In November 1985 Olin received a draft Compliance Order from LADEQ regarding remediation of the groundwater contamination at the site. A formal Compliance Order followed on July 7, 1986 requiring Olin to take remedial measures with respect to the groundwater contamination and to develop and implement more extensive monitoring measures. On July 28, 1986 Olin filed a Motion and Request for Hearing with LADEQ challenging the Compliance Order. On July 29, 1986 Olin entered into a Settlement Agreement with LADEQ in which Olin agreed to undertake the investigation and remediation of ground and surface water contamination at or near the Lake Charles site.

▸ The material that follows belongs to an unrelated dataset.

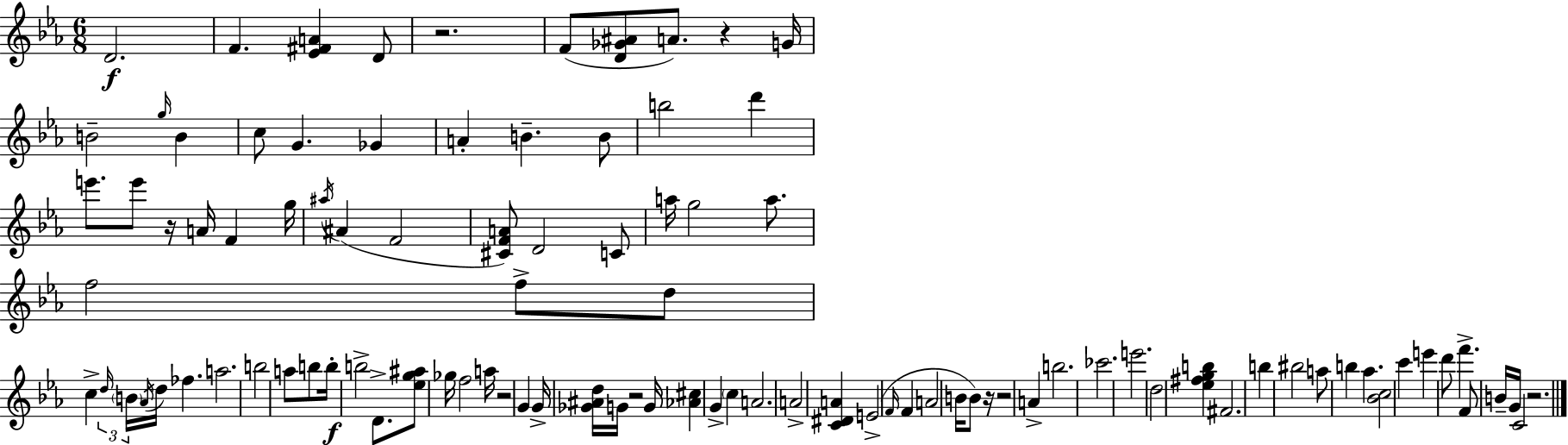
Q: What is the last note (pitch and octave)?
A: C4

By January 1987 Olin had prepared various remediation plans, including one in which Olin estimated a cost of $7,000,000 to close two on-site disposal ponds at the Lake Charles site.
On September 15, 1988 Olin, through its broker Johnson & Higgins, provided insurers with a notice of claim relating to the groundwater contamination at the Lake Charles site. In the notice Olin estimated that the total clean-up cost of this site would be $16,934,000, of which Olin had incurred $13,000,000, and that outside legal fees would total $32,000, of which $32,000 had been incurred.
Insurance Policy Notice Provisions

Insurance Company of North America (INA)

INA provided Olin's primary layer of comprehensive general liability coverage for policy periods from the 1950's (the exact year is apparently in dispute) until January 1, 1974. INA policy XCP 1049, which was in effect from June 1, 1955 to January 1, 1960, provided:

H. Notice of Occurrence or Accident
Upon the happening of an occurrence or an accident written notice shall be given by or on behalf of the insured to the company or any of its authorized agents as soon as practicable.
I. Notice of Claim or Suit
If claim is made or suit is brought against the insured, the insured shall immediately forward to the company every demand, notice, summons or other process received by the insured or the insured's representatives.

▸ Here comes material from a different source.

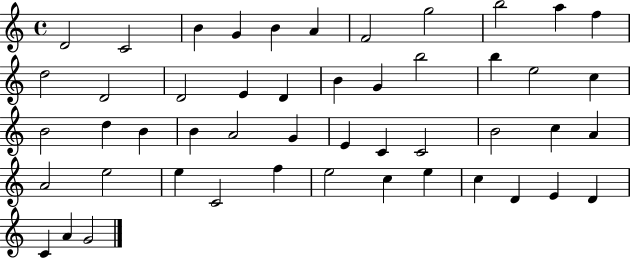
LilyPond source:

It is agreed that if INA provided coverage before 1955, the above language was applicable to the earlier insurance.

INA policy XCP 3191, covering the period January 1, 1960 to January 1, 1969, contained identical notice provisions, until it was amended on June 8, 1965. After this date the language of the Notice of Occurrence provision was as follows:

When an occurrence or accident happens, written notice shall be given by or on behalf of the Insured to the Company or any of its authorized agents as soon as practicable after said occurrence or accident becomes known to the Loss Prevention Department of the Named Insured.

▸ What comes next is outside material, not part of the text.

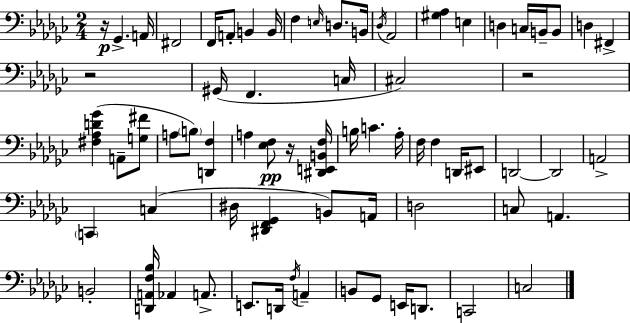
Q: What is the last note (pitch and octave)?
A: C3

INA policy SRL 2217, covering the period January 1, 1969 to January 1, 1974, contained the following provision:

It is agreed that knowledge of an occurrence or suit by agents servants or employees of the insured shall not in itself constitute knowledge to the insured unless the Insurance and Loss Prevention Department of the Insured's Corporation shall have received such notice from its agent, servant or employee.

This policy did not contain the complete notice provisions previously in effect. However Judge Sand, in Olin Corp. v. INA, 743 F.Supp. 1044, 1051 (S.D.N.Y.1990), aff'd, 929 F.2d 62 (2d Cir.1991), found that the parties intended to include the same notice of occurrence and notice of claim provisions as were contained in the earlier policies. The court held that policy SRL 2217 would be deemed reformed to reflect the intentions of the parties.

Excess Insurance Carriers

With respect to the excess policies at issue, Olin was required to provide notice of an occurrence or claim "as soon as practicable" after Olin had information from which it could reasonably conclude that an occurrence covered under the respective excess policies involved injuries or damage which, in the event Olin is held liable, would be likely to trigger the excess policies. See Olin Corp. v. INA, 743 F.Supp. 1044 (S.D.N.Y.1990).
Discussion



There are two types of events which give rise to the need to provide notice to the insurer. One such event is described as "an occurrence," and the policies provide that upon the happening of an occurrence notice shall be given "as soon as practicable." The other event is the making of a claim or the bringing of a suit against the insured, and when this happens notice is to be given "immediately."



The obligation to give notice based upon an occurrence arises when "the circumstances known to the insured at that time would have suggested to a reasonable person the possibility of a claim." Commercial Union Ins. Co. v. International Flavors & Fragrances, Inc., 822 F.2d 267, 272 (2d Cir.1987). A notice of occurrence provision focuses on the insured's knowledge of events and reasonable conclusions based on that knowledge. See American Ins. Co. v. Fairchild Industries, Inc., 56 F.3d 435, 439 (2d Cir.1995).

Where a claim is made or a suit is filed, the notice requirement is less flexible since notice must be given immediately.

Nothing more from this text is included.